Figure 10 displays the stabilization of position consistency error in the Z-direction for the UAV system $t=10\hspace{0.17em}\mathrm{s}$ under the optimal fault-tolerant consistency algorithm. The consistency algorithm presented in Reference [29] is designed only for the UAV and UGV systems in the XY plane, thus not considering the velocity state in the Z-direction.

Figure 11 and Figure 12 show that Figure 11 depicts the stabilization of the roll angle, yaw angle, pitch angle, and their corresponding angular velocities of the UAV system under the optimal fault-tolerant consistency protocol $5\le t\le 10$. Figure 12 illustrates the stabilization of the roll angle, yaw angle, and their corresponding angular velocities of the UAV under the algorithm proposed in Reference [29] $t=20\hspace{0.17em}\mathrm{s}$. It also demonstrates the optimal fault-tolerant consistency algorithm’s superiority, considering actuator faults. This algorithm enables heterogeneous multi-agent systems to achieve quicker consistency in the presence of faults, reducing the time required to complete tasks.

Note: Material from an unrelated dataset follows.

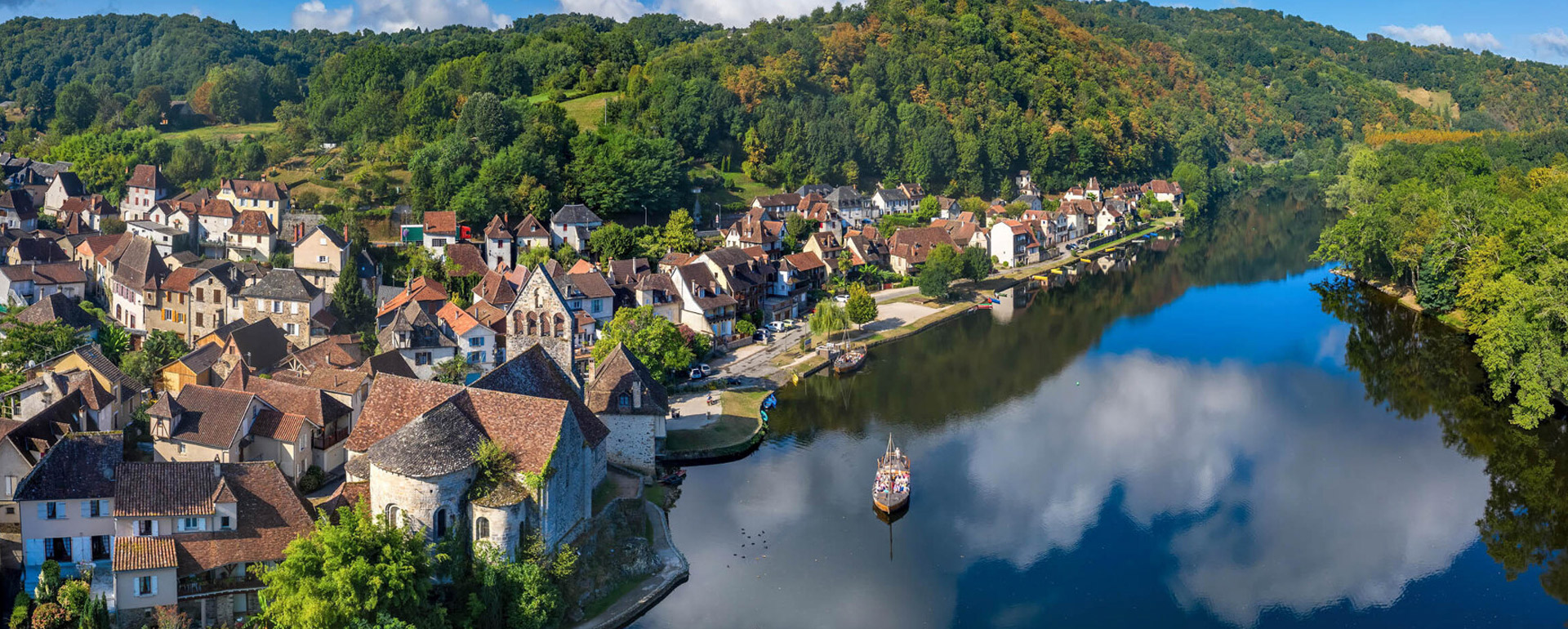 Beaulieu-sur-Dordogne © Christophe Boute / Vent d'Autan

We plot the state trajectory of all UAVs and UGVs in this leader–following heterogeneous multi-agent system, as shown in Figure 13. The experimental outcomes show that the states of all following UAVs and UGVs converge to the leader’s position and velocity. This further demonstrates the efficiency and feasibility of the algorithm (31) and (33).

5. Conclusions

This paper analyzes the dynamic models of uncrewed aerial vehicles and uncrewed ground vehicles to establish a heterogeneous system. Firstly, we build upon the communication topology of heterogeneous multi-agent systems. The fault-tolerant consensus control problem of the leader–follower multi-agent system under actuator partial failure is introduced. Based on the Euler-Lagrange equations, performance index functions are defined for each following UGV and UAV. Then, the optimal fault-tolerant consensus controller capable of handling actuator partial failure is obtained through optimization theory, and the proposed algorithm’s stability is demonstrated using Lyapunov stability theory. Finally, MATLAB simulation experiments further corroborate the efficacy of the proposed algorithm. The algorithm ensures that UAVs and UGVs eventually converge to the leader’s position and velocity. In the next step, the research will focus on the collaborative control of heterogeneous multi-agent systems, integrated with fault-tolerant mechanisms, and the theoretical results will be applied to engineering practice.